**EXERCISE GOAL**
For every entry, reproduce the wording exactly and omit any image it holds.

**DATA SHOWN**
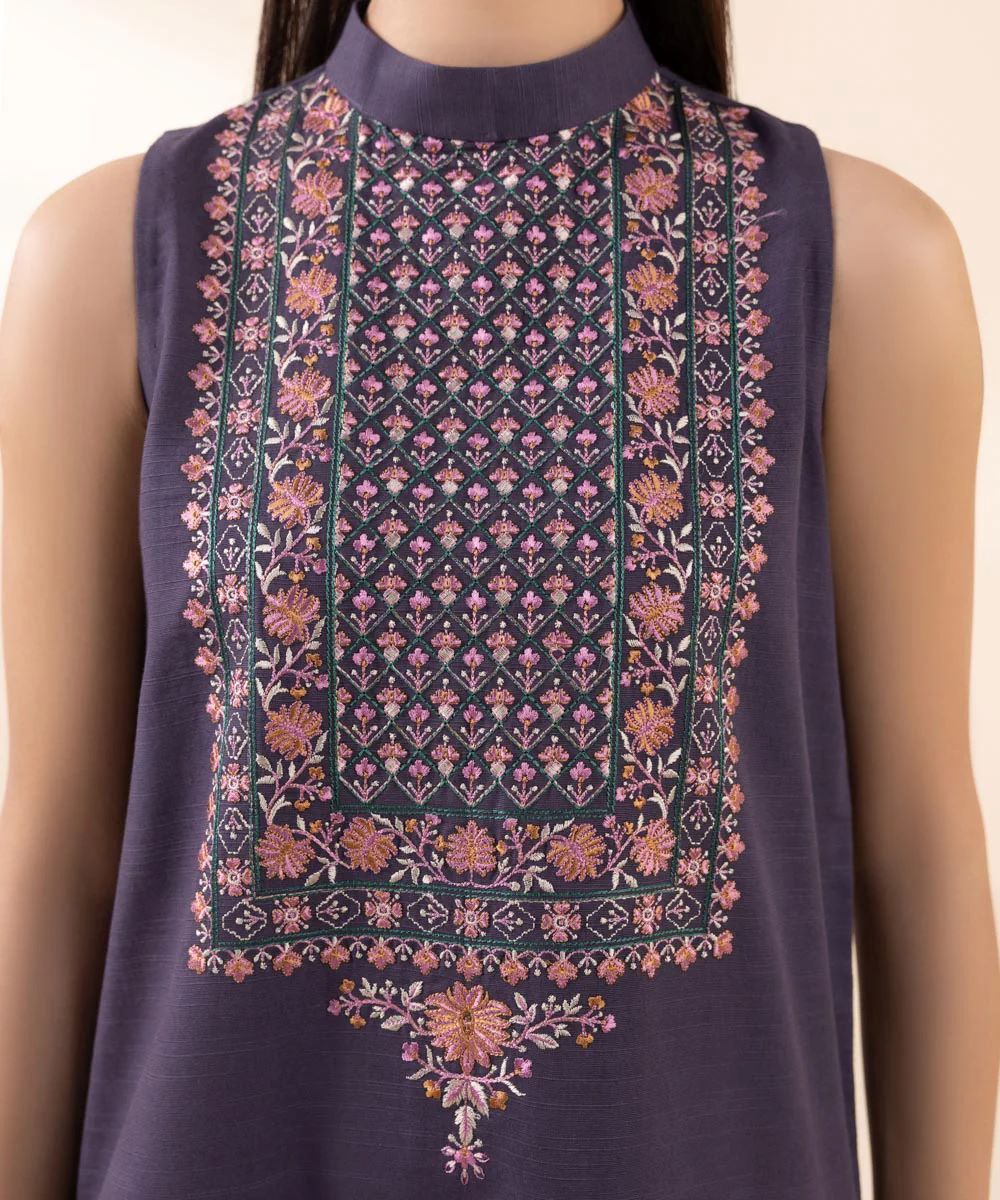 Sapphire Embroided Khaddar Three Piece Suit SP-KHD-PRP02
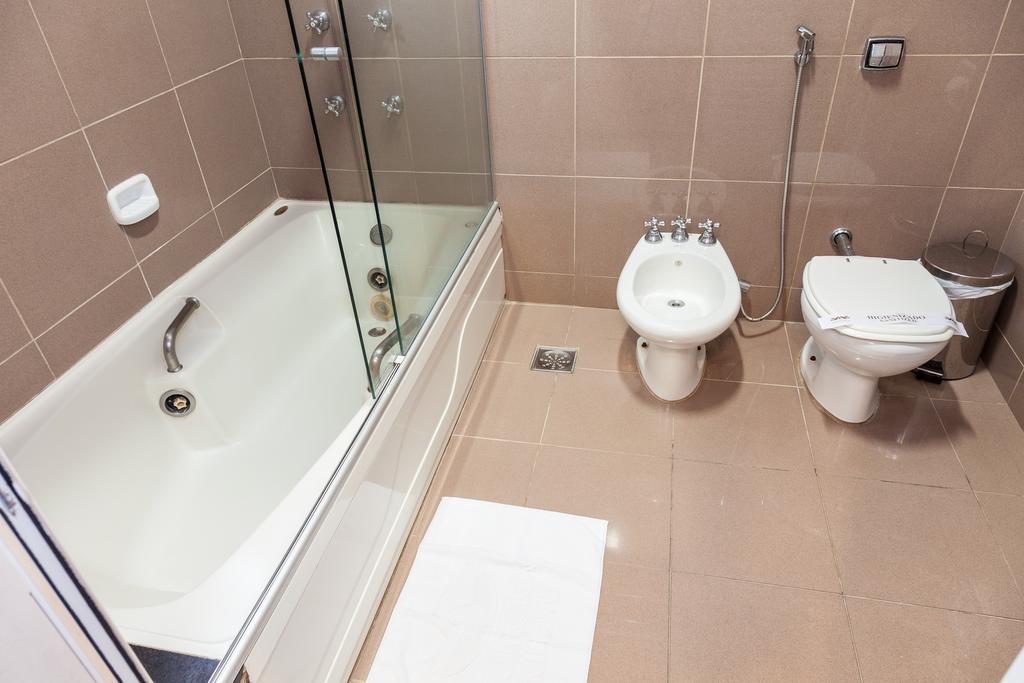 Quarto Superior com Cama de Casal ou 2 de Solteiro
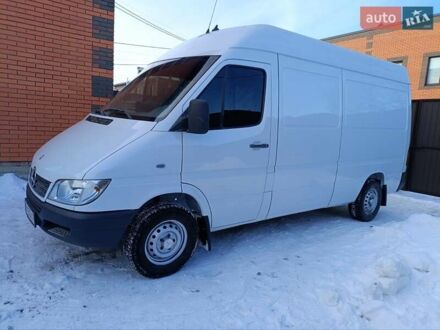 Белый Мерседес Sprinter, объемом двигателя 2.2 л и пробегом 500 тыс. км за 9700 $, фото 1 на Automoto.ua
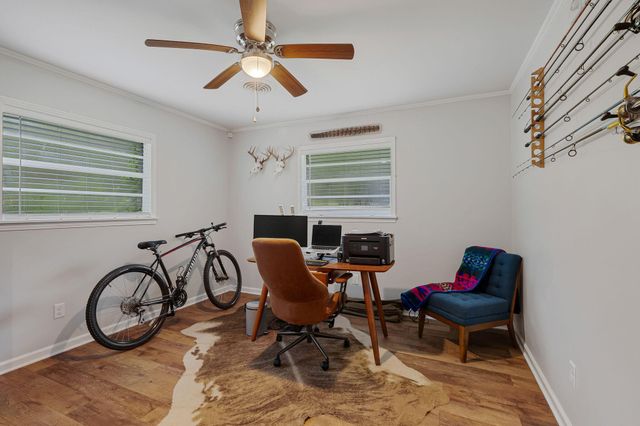 202 PINEHILLS DR, Hattiesburg, MS 39401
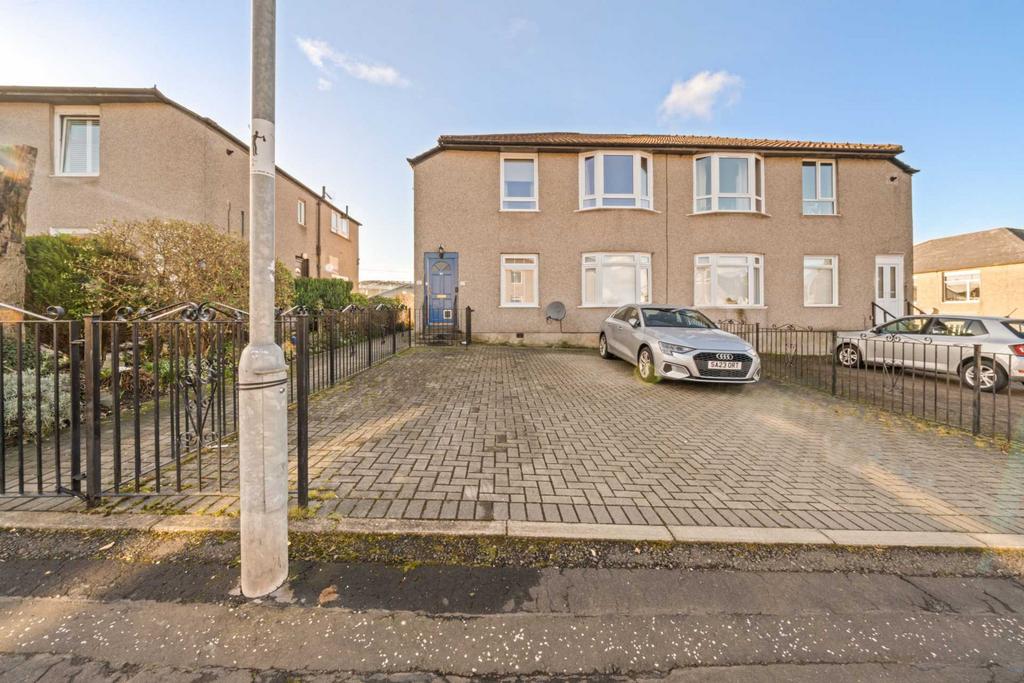 Ardmay Crescent, Glasgow G44 3 bed flat £89,995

**REPLY**
 Sapphire Embroided Khaddar Three Piece Suit SP-KHD-PRP02
 Quarto Superior com Cama de Casal ou 2 de Solteiro
 Белый Мерседес Sprinter, объемом двигателя 2.2 л и пробегом 500 тыс. км за 9700 $, фото 1 на Automoto.ua
 202 PINEHILLS DR, Hattiesburg, MS 39401
 Ardmay Crescent, Glasgow G44 3 bed flat £89,995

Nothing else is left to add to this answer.